━━ TASK DATA ━━

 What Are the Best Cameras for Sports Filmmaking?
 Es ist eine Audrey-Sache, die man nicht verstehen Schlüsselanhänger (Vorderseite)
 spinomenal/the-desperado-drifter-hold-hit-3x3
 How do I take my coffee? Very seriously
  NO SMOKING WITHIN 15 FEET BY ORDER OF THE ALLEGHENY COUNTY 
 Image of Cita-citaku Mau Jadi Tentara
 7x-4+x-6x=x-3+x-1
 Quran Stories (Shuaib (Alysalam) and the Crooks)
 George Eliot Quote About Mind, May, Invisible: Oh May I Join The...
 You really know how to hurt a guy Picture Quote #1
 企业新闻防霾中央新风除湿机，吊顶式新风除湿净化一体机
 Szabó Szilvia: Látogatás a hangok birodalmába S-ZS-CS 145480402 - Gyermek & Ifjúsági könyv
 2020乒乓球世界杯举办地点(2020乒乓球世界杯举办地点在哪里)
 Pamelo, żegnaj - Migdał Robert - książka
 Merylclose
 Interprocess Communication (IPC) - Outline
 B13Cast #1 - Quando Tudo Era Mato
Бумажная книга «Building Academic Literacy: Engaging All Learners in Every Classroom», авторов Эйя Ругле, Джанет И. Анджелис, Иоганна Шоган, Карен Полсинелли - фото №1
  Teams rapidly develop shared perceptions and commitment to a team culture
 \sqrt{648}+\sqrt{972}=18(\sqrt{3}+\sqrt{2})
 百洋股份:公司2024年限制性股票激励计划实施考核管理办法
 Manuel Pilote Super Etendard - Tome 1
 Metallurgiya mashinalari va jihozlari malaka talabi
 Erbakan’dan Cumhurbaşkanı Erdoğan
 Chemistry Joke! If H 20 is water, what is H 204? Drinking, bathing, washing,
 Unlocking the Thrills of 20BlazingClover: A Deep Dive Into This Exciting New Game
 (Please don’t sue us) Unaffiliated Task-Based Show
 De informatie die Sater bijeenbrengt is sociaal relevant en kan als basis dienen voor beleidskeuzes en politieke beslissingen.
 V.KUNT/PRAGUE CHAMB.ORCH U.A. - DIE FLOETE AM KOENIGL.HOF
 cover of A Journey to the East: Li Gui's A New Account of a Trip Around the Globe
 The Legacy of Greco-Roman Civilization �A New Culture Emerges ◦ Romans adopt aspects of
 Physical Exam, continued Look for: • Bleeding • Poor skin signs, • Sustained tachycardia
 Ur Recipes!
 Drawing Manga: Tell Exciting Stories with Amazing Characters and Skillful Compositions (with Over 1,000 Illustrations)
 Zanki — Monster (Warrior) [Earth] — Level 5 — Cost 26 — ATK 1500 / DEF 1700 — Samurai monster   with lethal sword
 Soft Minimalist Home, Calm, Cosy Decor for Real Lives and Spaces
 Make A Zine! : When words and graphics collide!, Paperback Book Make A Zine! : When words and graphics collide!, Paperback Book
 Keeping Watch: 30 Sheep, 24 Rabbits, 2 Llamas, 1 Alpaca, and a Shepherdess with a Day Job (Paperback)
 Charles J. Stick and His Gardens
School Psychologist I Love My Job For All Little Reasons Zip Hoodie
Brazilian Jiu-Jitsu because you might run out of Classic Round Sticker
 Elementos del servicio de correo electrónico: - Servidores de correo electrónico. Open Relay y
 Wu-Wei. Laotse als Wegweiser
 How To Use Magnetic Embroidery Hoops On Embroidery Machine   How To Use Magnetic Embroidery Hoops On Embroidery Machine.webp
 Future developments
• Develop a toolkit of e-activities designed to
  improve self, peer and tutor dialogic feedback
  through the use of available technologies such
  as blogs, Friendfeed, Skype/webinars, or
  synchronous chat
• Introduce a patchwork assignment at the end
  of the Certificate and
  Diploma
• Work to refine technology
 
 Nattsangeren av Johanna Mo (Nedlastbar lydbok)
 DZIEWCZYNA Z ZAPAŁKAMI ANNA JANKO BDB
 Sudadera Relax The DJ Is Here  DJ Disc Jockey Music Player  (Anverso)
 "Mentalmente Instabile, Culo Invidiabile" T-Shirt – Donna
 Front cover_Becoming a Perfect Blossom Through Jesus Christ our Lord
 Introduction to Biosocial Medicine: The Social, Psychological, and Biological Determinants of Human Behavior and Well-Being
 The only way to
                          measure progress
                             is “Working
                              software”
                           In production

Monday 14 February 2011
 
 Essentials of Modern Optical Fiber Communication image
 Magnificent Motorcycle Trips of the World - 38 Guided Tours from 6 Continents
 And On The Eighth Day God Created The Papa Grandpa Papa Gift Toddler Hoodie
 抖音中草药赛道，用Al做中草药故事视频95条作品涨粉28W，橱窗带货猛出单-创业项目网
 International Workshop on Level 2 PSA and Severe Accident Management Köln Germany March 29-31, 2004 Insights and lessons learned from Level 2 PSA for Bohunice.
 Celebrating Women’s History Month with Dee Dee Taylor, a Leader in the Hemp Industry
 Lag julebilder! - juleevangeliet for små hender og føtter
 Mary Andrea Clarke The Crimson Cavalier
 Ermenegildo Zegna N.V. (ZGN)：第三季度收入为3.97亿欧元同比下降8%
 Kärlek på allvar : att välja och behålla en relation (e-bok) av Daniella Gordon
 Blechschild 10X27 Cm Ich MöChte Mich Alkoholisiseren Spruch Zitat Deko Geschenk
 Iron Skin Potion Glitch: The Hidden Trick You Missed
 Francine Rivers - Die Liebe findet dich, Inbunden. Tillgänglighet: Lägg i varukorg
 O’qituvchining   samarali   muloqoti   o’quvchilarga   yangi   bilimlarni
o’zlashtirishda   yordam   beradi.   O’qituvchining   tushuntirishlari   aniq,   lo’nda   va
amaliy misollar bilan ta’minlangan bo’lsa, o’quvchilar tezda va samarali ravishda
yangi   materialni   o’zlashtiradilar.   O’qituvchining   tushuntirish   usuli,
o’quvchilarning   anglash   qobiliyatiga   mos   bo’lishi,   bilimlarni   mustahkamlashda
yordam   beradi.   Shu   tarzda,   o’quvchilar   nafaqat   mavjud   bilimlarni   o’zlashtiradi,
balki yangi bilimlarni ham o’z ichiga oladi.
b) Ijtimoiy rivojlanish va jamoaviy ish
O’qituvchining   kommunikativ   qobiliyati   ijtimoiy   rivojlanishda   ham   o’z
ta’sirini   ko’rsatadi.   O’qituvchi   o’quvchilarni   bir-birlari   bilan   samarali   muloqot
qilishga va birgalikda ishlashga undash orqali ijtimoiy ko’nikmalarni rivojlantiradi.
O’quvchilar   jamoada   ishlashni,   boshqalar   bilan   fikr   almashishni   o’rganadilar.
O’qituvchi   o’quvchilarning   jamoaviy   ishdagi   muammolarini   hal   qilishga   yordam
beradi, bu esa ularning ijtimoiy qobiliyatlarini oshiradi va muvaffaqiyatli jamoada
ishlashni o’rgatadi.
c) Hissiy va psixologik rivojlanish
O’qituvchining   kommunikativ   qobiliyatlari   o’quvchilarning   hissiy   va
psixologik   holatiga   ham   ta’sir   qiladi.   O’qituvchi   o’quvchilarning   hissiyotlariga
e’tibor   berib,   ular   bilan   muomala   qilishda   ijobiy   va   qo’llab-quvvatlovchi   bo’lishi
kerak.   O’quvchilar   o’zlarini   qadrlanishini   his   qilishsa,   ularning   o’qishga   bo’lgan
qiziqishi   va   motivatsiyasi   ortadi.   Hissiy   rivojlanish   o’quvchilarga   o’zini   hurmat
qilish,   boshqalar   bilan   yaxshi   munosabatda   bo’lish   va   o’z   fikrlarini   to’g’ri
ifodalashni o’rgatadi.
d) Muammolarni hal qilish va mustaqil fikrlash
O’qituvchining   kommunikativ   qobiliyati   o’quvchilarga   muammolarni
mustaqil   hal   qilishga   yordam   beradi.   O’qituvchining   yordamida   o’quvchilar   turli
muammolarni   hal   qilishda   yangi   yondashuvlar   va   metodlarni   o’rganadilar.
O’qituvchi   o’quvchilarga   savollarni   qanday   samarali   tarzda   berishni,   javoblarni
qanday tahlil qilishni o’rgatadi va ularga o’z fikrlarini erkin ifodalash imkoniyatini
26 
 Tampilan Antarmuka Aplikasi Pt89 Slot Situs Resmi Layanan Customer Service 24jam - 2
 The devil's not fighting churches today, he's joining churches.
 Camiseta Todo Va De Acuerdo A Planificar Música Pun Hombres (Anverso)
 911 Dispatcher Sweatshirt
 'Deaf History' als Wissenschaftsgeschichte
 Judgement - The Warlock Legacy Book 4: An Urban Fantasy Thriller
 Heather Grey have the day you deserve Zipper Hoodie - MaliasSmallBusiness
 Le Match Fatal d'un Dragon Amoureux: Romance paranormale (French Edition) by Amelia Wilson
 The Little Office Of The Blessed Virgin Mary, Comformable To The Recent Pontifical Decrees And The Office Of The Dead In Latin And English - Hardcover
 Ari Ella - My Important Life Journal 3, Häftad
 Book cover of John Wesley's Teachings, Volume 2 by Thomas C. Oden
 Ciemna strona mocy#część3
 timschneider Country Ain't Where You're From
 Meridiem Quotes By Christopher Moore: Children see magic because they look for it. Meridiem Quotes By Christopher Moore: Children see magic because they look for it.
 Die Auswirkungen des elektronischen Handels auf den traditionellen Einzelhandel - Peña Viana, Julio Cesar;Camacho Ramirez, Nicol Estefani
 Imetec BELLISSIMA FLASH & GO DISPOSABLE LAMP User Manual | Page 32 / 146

━━━

WORK ITEM:
Output should match, line for line, the stretch of the material above from the line holding "Image of Cita-citaku Mau Jadi Tentara" through the line holding "Metallurgiya mashinalari va".

COMPLETED EXERCISE:
 Image of Cita-citaku Mau Jadi Tentara
 7x-4+x-6x=x-3+x-1
 Quran Stories (Shuaib (Alysalam) and the Crooks)
 George Eliot Quote About Mind, May, Invisible: Oh May I Join The...
 You really know how to hurt a guy Picture Quote #1
 企业新闻防霾中央新风除湿机，吊顶式新风除湿净化一体机
 Szabó Szilvia: Látogatás a hangok birodalmába S-ZS-CS 145480402 - Gyermek & Ifjúsági könyv
 2020乒乓球世界杯举办地点(2020乒乓球世界杯举办地点在哪里)
 Pamelo, żegnaj - Migdał Robert - książka
 Merylclose
 Interprocess Communication (IPC) - Outline
 B13Cast #1 - Quando Tudo Era Mato
Бумажная книга «Building Academic Literacy: Engaging All Learners in Every Classroom», авторов Эйя Ругле, Джанет И. Анджелис, Иоганна Шоган, Карен Полсинелли - фото №1
  Teams rapidly develop shared perceptions and commitment to a team culture
 \sqrt{648}+\sqrt{972}=18(\sqrt{3}+\sqrt{2})
 百洋股份:公司2024年限制性股票激励计划实施考核管理办法
 Manuel Pilote Super Etendard - Tome 1
 Metallurgiya mashinalari va jihozlari malaka talabi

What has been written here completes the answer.